So socialism is apparently not concerned with people, who are advised to put their faith in "liberals"/ radical centrists/ extreme fullbacks/ whatever. This bandying about and repackaging of ideological catchwords is the bane of our "postmodern" world, where there are no longer any truths, only interpretations. What we are left with are the Santorums on the "right" and the Obamas on the "left" fighting over divisive social issues , such as gay marriage, abortion, anti-piracy copyright laws, and just how minimal should be state support for health and education, where no candidate (except the court jester Paul) is allowed to question the fundamentals of the system.
And what is this
playing field really? Karl Polyani in the 1950s clearly saw that capitalism, by
turning labour, land and money itself into commodities, was creating a soulless
system which would need strong state control to prevent its inhuman nature from
destroying the world. This advice was irretrievably lost over the past two
decades with the fusion of left and right in the oxymoronic "extreme centre", extreme in its implicit embrace of neoliberalism (which has
very little to do with Clegg's idol John Stuart Mills), where traditional
solutions such as socialism or paternalistic conservatism are excluded.

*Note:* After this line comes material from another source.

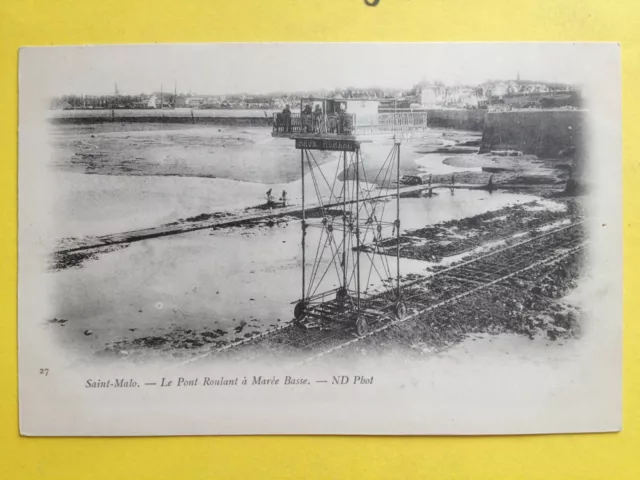 cpa de 1900 Bretagne SAINT MALO (ille et Vilaine) Le PONT ROULANT à MARÉE BASSE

Foreign (read: military) policy is also excluded, as the
empire requires strict obedience by both its postmodern NATO halfbacks and its
neocolonial goalkeepers, so that its market authoritarian team wins. The
game has proved to be lethal for all concerned, with a change of strategy no
longer possible via the electoral process, now the plaything of the so-called
radical centre. According to Tariq Ali, democracy "is being hollowed out" in
the West under neoliberalism, which is hostile to "even social democratic
parties".
Whether the Obamas
and Santorums, both supporters of the spectacularly failing tactics of Team
Empire, are "deeply" bad to begin with or merely corrupted by the lure of power
and money is moot. They are blinkered by cheerleader Thatcher's "TINA!" (There Is
No Alternative). She meant "no alternative to capitalism" -- bad enough -- but to
make matters worse, AIPAC et al have made sure that "and Israel" was added to
the equation, making the enemy teams all those who
protest the rigged game in the Middle East .
The Republican
strategy to attack a Teflon Obama (besides gay/abortion charges) has been to
suggest, as did Romney after New Hampshire, that Obama doesn't believe in
American greatness, and that of course Mitt et al do. That cheerleading is as
close as a US
politician gets to foreign policy these days. But that has been the tired
Republican cheer since Ronald Reagan ran against Jimmy Carter.